An optical circuit implementing this FM is depicted in Fig. 3. The top part of the FM circuit works as follows: first, it transforms the standard input \(|HB\rangle\) using wave plates resulting in \(|HB\rangle \rightarrow (|HB\rangle + |VB\rangle )/\sqrt{2}.\) Next, a beam divider separates polarization modes in space, i.e., we have \((|HB\rangle + |VT\rangle ).\) Now, the effective operation of wave plates in the top and bottom modes can be described as first transforming \(|VT\rangle \rightarrow \mu _T|HT\rangle + \nu _T|VT\rangle\) and \(|HB\rangle \rightarrow \mu _B|HB\rangle + \nu _B|VB\rangle .\) The parameters are set as \(\mu _T = \sqrt{2}c^3(x_n),\) \(\nu _T = \sqrt{2}{s^3(x_n)},\) \(\mu _B = \sqrt{6}c^2(x_n)s(x_n),\) \(\nu _B = \sqrt{6}c(x_n)s^2(x_n).\)

This whole operation is unitary and can be described as \(U(x)|HH\rangle = |\varphi (x)\rangle .\) The complex conjugate of operation U(x) is \(U^\dagger (x')\) and it can be used to express the kernel as \(\kappa (x',x) = |\langle HH|U^\dagger (x')U(x)|HH\rangle |^2.\) Thus, the circuit \(U^\dagger (x')\) for projecting the state \(|\varphi (x)\rangle\) to \(|\varphi (x')\rangle\) can be constructed as the inverse of the feature embedding U(x) circuit, but for setup parameters set for \(x'\). The next action of the plates in the top and bottom rails is to perform a reverse transformation, but for \(x_n=x'_n.\) Next, the plates flip the polarizations in the respective rails. Now, the interesting part of the engineered state is in the top rail with flipped polarization. To implement \(U(x')^\dagger ,\) the last pair of waveplates is used both to flip the polarization and to perform the Hadamard transformation. Finally, the PBS transmits only H-polarized photons for further processing.
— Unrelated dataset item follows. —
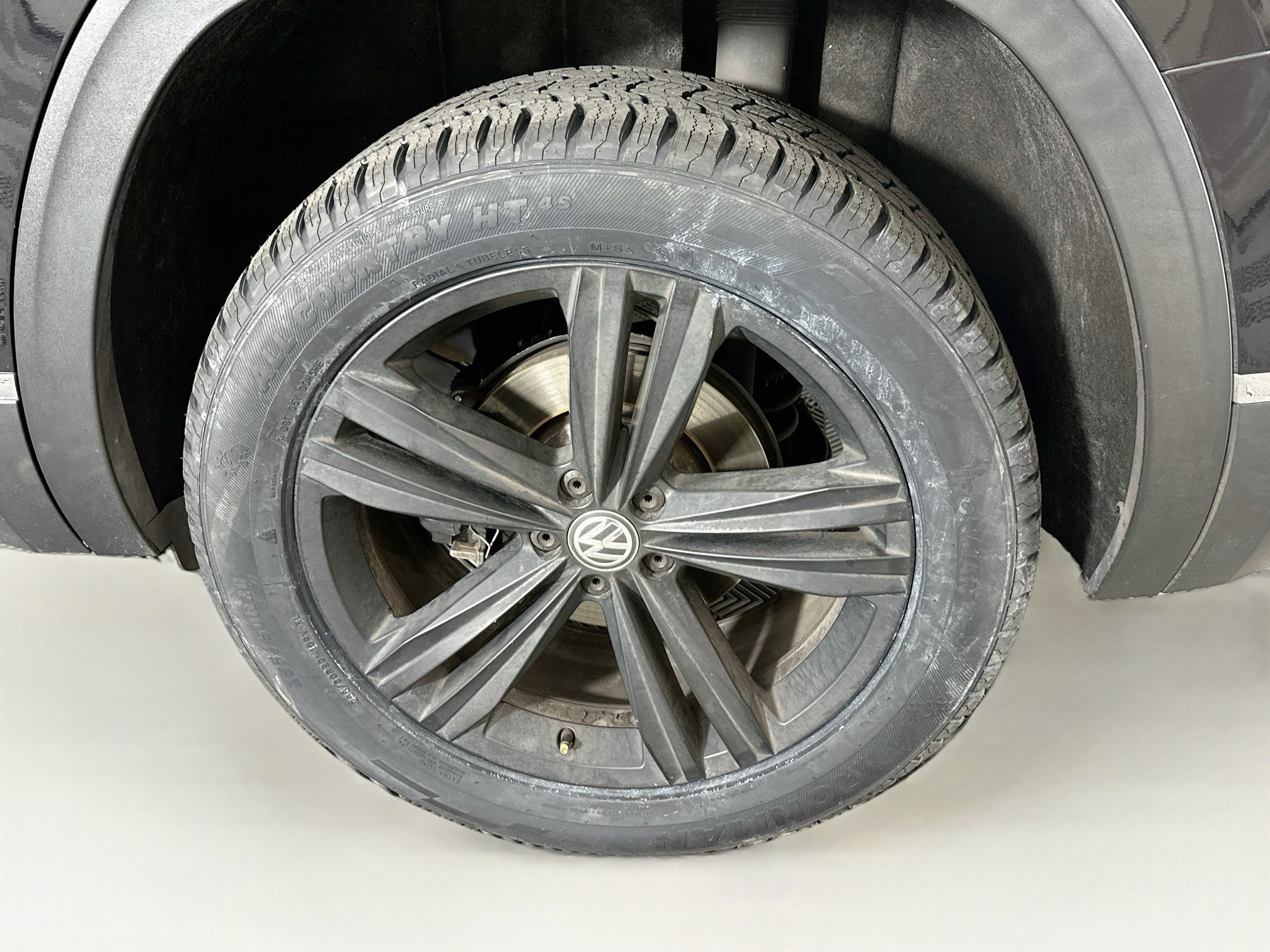 Used 2019 Volkswagen Atlas SEL FWD image 11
The procedure of measuring the kernel \(\kappa (x',x)\) can be extended to include additional dimensions, resulting in measuring the kernel \({{\bar{\kappa }}}(x',x)=\kappa (x',x)\cos ^2(y-y')\) following from FM (11). Instead of the transformation \(U^\dagger (x')U(x),\) we consider \(R^\dagger (y')U^\dagger (x')U(x)R(y),\) where \(R(y)= e^{2iy}|H\rangle \langle H|\) is a phase shift applied to a preselected H-polarized photon in the bottom part of the setup, and \(R^\dagger (y')= e^{-2iy'}|H\rangle \langle H|\) is a phase shift to the postselected H-polarized photon in the same part of the setup. The phase difference between the postselected upper and lower H-polarized photons can be measured as \(\cos ^2(y-y').\) This is done with \(PBS'\) which transmits diagonally-polarized photons \(|D\rangle = (|H\rangle +|V\rangle )/\sqrt{2}\) and reflects antidiagonal photons \(|A\rangle = (|H\rangle -|V\rangle )/\sqrt{2},\) and polarization-resolving single-photon detectors (see caption of Fig. 3).